• **Dataset entries**
BEGIN
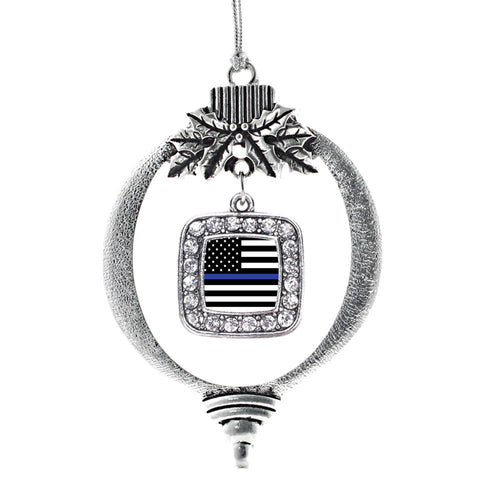 Thin Blue Line American Flag Square Charm Christmas / Holiday Ornament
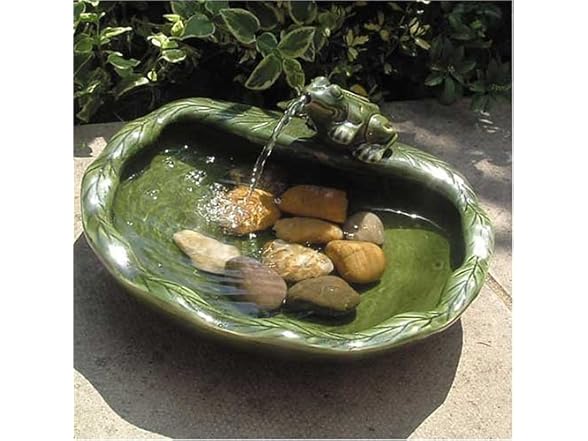 Solar Powered Ceramic Frog Water Feature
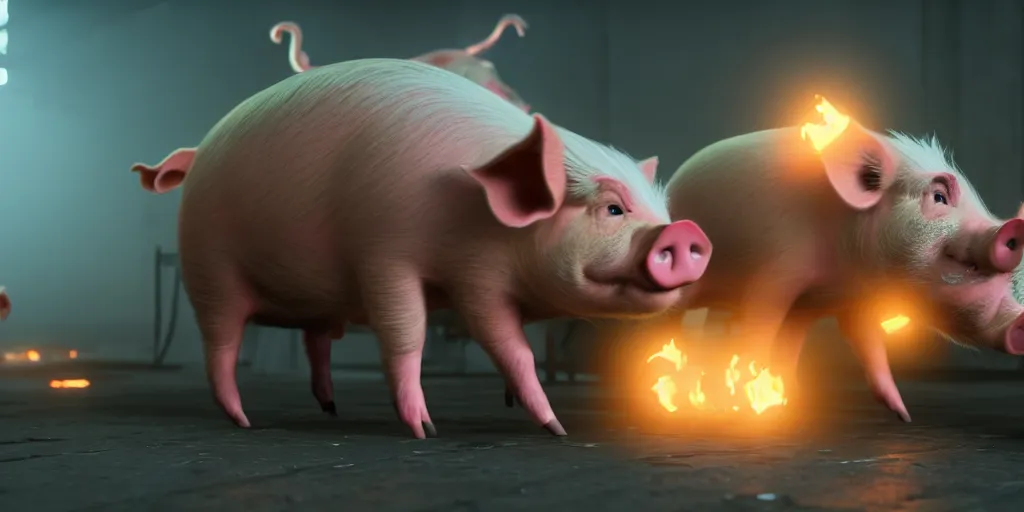 Prompt: pig farting, artstation 8 k octane engine unreal engine professional art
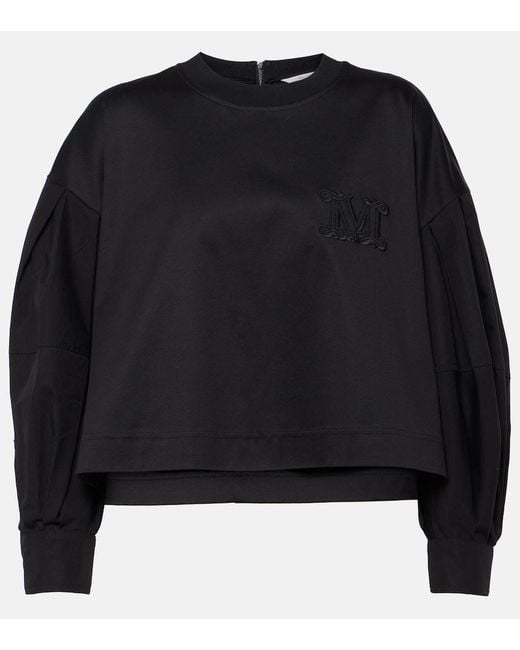 Max Mara Black Dolly Cotton Jersey And Poplin Top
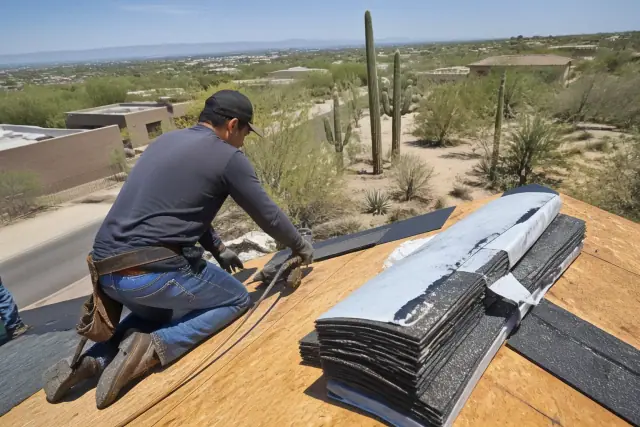A contractor installs shingle roofing on a steep house roof in Tucson, AZ, with saguaro cacti in the background.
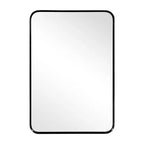Miroir rectangulaire noir 69x30 en pied avec cadre métallique et carreaux, idéal pour salle de bain, chambre, entrée, salon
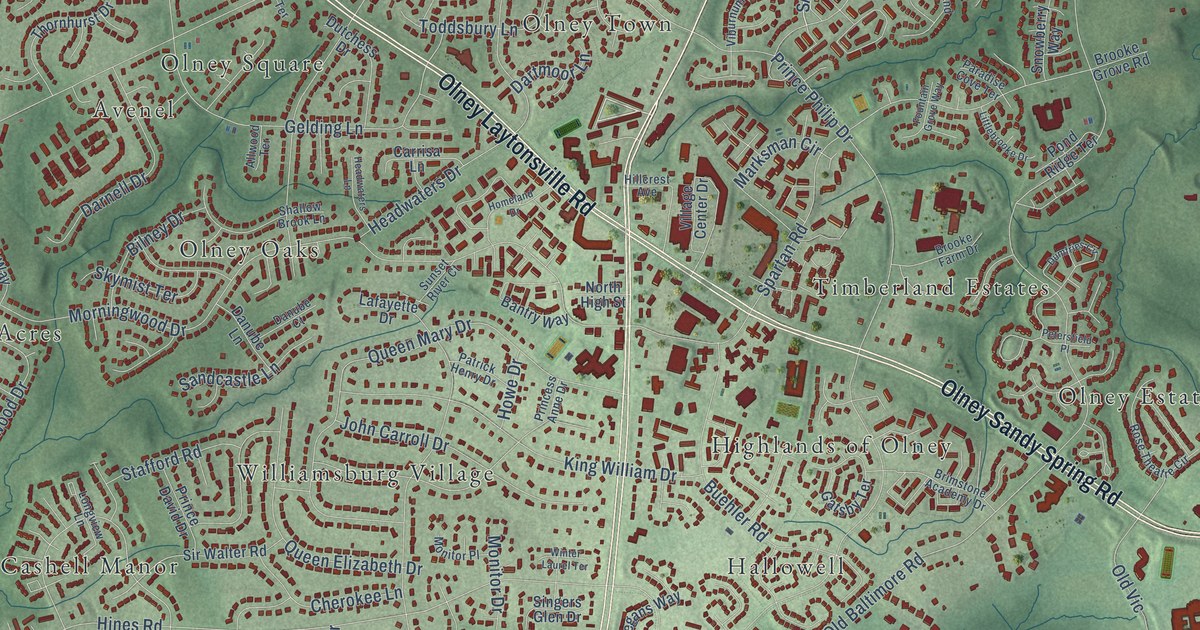 Map of Olney, Maryland in 2026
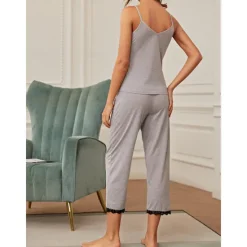 Sale Women's Pajamas Sets Pure Color Comfort Home Daily Bed Breathable Strap Top Pant Summer Home Outfits Women Pajama-Setter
END
• **Prompt**
From the line containing "Miroir rectangulaire noir" down to the last line of the data above, transcribe exactly those lines and no others; omit the pictures.

• **Exercise solution**
Miroir rectangulaire noir 69x30 en pied avec cadre métallique et carreaux, idéal pour salle de bain, chambre, entrée, salon
 Map of Olney, Maryland in 2026
 Sale Women's Pajamas Sets Pure Color Comfort Home Daily Bed Breathable Strap Top Pant Summer Home Outfits Women Pajama-Setter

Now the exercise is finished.